First District, Division 1 Finds HOA Never Had To Prove The Truth Of Matter Initially Denied But Then Admitted During Subsequent Pretrial Deposition.
In our category “Requests for Admissions,” we have explored several decisions granting or denying attorney’s fees and costs requests under Code of Civil Procedure section 2033.420. That statutory provision provides that a party denying a request for admission may be ordered to pay the costs and fees incurred by the requesting party in proving that matter unless there are certain specified mitigating factors at play. The next case involved the reversal of a $17,500 fee award against a nonsuited plaintiff in a premises liability/negligence lawsuit against a homeowners association based on plaintiff denying one request for admission.

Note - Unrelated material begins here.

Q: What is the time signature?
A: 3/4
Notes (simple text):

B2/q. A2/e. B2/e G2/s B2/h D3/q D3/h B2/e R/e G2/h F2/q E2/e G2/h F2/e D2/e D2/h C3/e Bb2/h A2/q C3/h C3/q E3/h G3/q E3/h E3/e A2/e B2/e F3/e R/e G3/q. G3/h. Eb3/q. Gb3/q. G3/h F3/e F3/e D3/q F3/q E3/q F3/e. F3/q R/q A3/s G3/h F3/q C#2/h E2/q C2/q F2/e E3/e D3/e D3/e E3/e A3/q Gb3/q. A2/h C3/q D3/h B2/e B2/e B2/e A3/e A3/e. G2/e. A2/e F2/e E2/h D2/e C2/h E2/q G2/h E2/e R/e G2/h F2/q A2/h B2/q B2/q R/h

Bachelor v. Blackhawk Homeowners’ Assn., Case No. A121222 (1st Dist., Div. 1 Aug. 26, 2009) (unpublished), in reversing the fee award against losing plaintiff, found that the one germane request for admission—whether a hillside had been sprayed with weed killer prior to a December 2002 storm—had been denied initially but had been admitted in a deposition taken 10 days after service of the RFA denial. Even more critical, the weed killer fact was admitted in losing plaintiff’s case in chief during trial (before the nonsuit was granted). This meant that HOA never had to prove the denied fact given that a nonsuit was granted and nothing demonstrated the deposition testimony was ever introduced at trial. Because no proof was ever introduced by HOA on the denied RFA, there was no basis for the fee award.